Fed speakers will be closely scrutinized this week. We do not think Fed officials are very happy with the market’s dovish take on its decision last week and they are likely to push back this week. As such, prepare for comments that tilt decidedly hawkish. Evans, Mester, and Bullard speak today. Harker, Barkin, and Kashkari speak tomorrow. Mester speaks again Thursday and Barkin speaks again Friday. Over the weekend, uber-dove Kashkari reiterated that the Fed is focused on lower inflation, noting that “We are committed to bringing inflation down and we’re going to do what we need to do. We are a long way away from achieving an economy that is back at 2% inflation, and that’s where we need to get to.” We concur.
Inflation expectations have risen after the perceived Fed pivot. The 10-year inflation breakeven spiked from 2.35% up to nearly 2.50% on the FOMC decision day July 27. Presumably, this suggests that the market views the Fed as being slightly more lax on its fight against inflation. Yet the nominal 10-year yield is falling precipitously and traded as low as 2.51% earlier today. As a result, the real 10-year yield has plummeted to a mere 5 bp from 82 bp in mid-June and 72 bp in early July.
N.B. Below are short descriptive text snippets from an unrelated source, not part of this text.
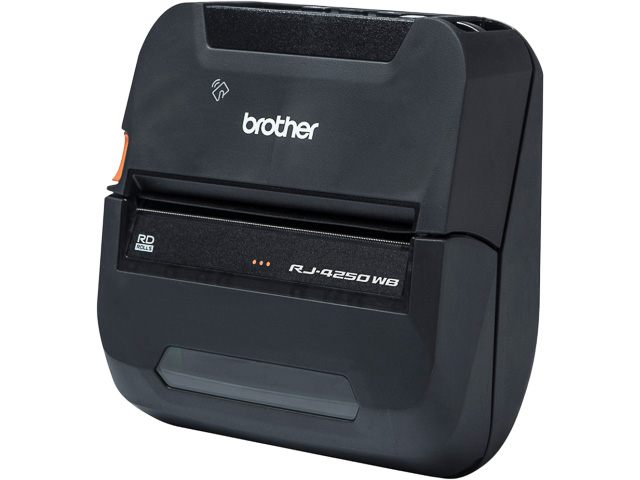 BROTHER RJ4250WB ETIKETTENDRUCKER RJ4250WBZ1 203dpi/Wlan
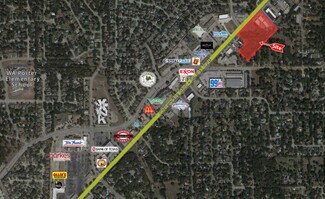 Colleyville, TX Commercial Land - 4007 Colleyville Blvd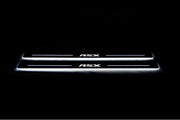 Acura RSX 2002-2006 Auto Door Sills With Logo Acura Acura Led Door Sills opdesign
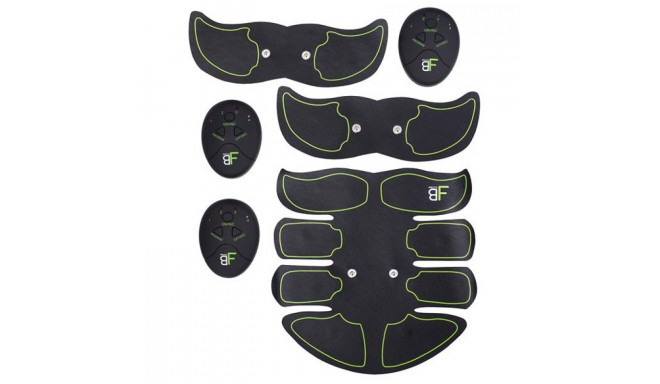 Electromagnetic Trainer for Abdominal Muscle BF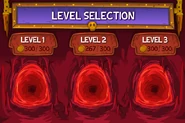 Fightosphere levels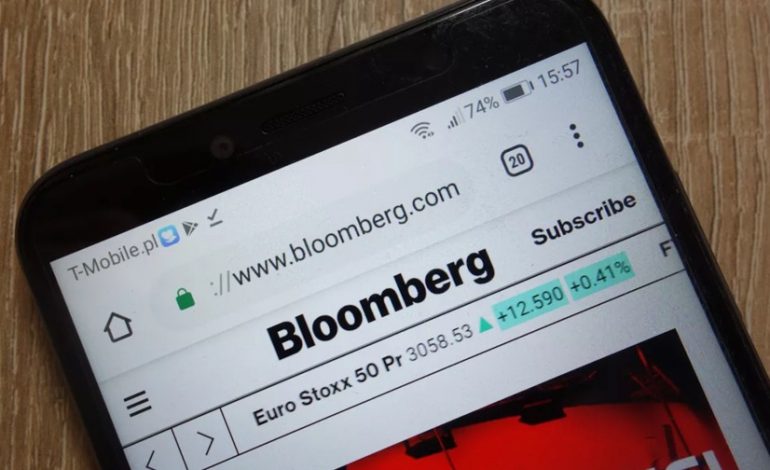 L’agence Bloomberg suspend l’activité de ses journalistes en Russie après l’adoption d’une loi pénalisant la diffusion d’«informations mensongères sur l’armée»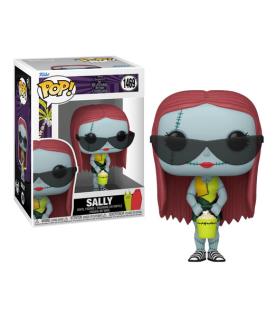 Nightmare before Christmas POP! Sally with glasses (Beach) (no1469)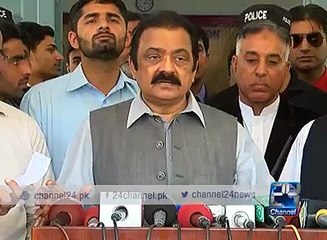 Jitni Corruption ppp k Zamana me hoi usy Chupaya ni ja Sakta....Hisab Dena Parega Rana Sana Ullah
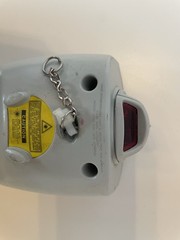 Symbol PDT 6100 portable data terminal and barcode scanner, Untested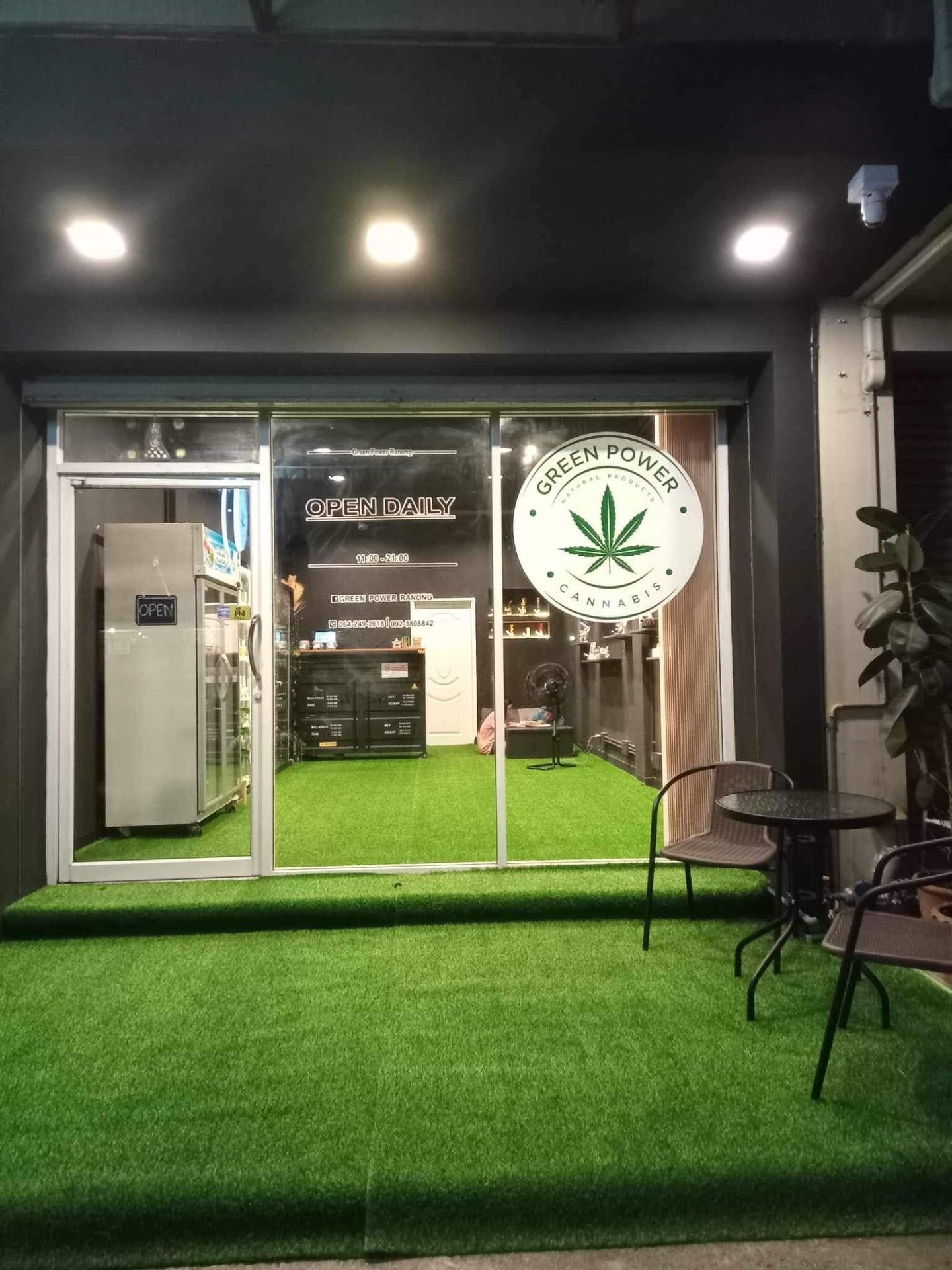 Green Power Ranong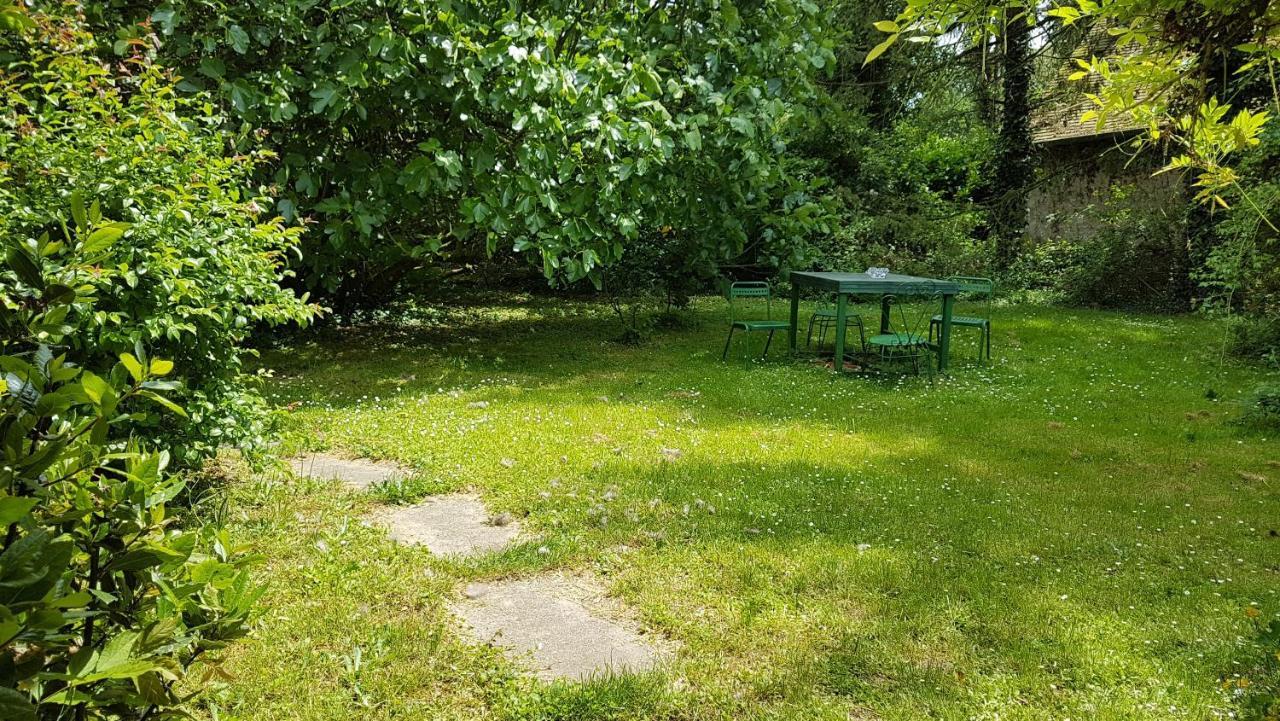 Chambres D'Hotes Les Renardieres Molineuf Exteriér fotografie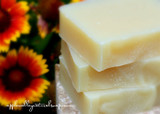 Grapefruit Patchouli Shampoo and Body Bar by Apple Valley Natural Soap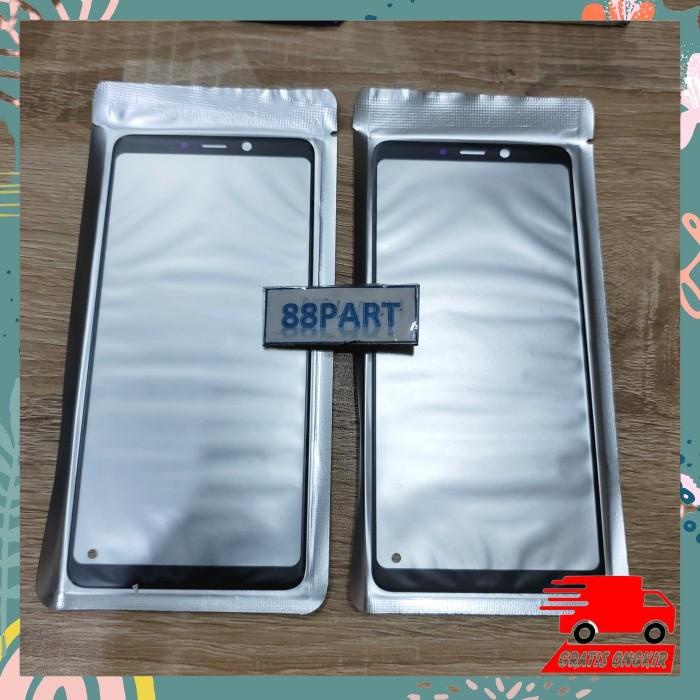 Glass Kaca Lcd + Oca Samsung A920 A9 2018 A920F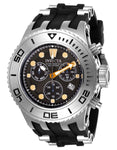 INVICTA Mens Subaqua Specialty Watch - Stainless Steel - Black Silicone - 500M - INVICTA-27655_24a82166-ba31-49df-8ba0-90da1c740a2c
July ISM manufacturing PMI was solid. Headline came in at 52.8 vs. 52.0 expected and 53.0 in June. The details were a bit mixed but overall decent, as prices paid plunged to 60.0 vs. 73.5 expected and 78.5 in June, the lowest level since August 2020. Of note, supplier deliveries fell to 55.2 vs. 57.3 in June and backlog of orders fell to 51.3 vs. 53.2 in June, both the lowest since 2020. The lower these two numbers are, the lower the strains in the supply chains. Employment rose to 49.9 vs. 48.2 expected and 47.3 in June, while production fell to 53.5 vs. 54.9 in June. ISM services PMI will be reported tomorrow. Headline is expected at 53.7 vs. 55.3 in June.
We get some minor data today. JOLTS job openings for June will be reported and expected at 11 mln vs. 11.254 mln in May. July vehicle sales will be reported and are expected at 13.5 annualized vs. 13.0 in June. Elsewhere, Canada July S&P Global manufacturing PMI will be reported.
Colombia central bank minutes will be released. At that meeting last Friday, the bank hiked rates 150 bp to 9.0%, as expected. July CPI will be reported Friday. Headline is expected at 9.97% y/y vs. 9.67% in June. If so, headline would be the highest since May 2000 and further above the 2-4% target range. Next meeting is September 30 and another 150 bp hike to 10.5% seems likely. The swaps market is pricing in another 150-175 bp of tightening over the next 6 months that would see the policy rate peak between 10.50-10.75%. We see upside risks here.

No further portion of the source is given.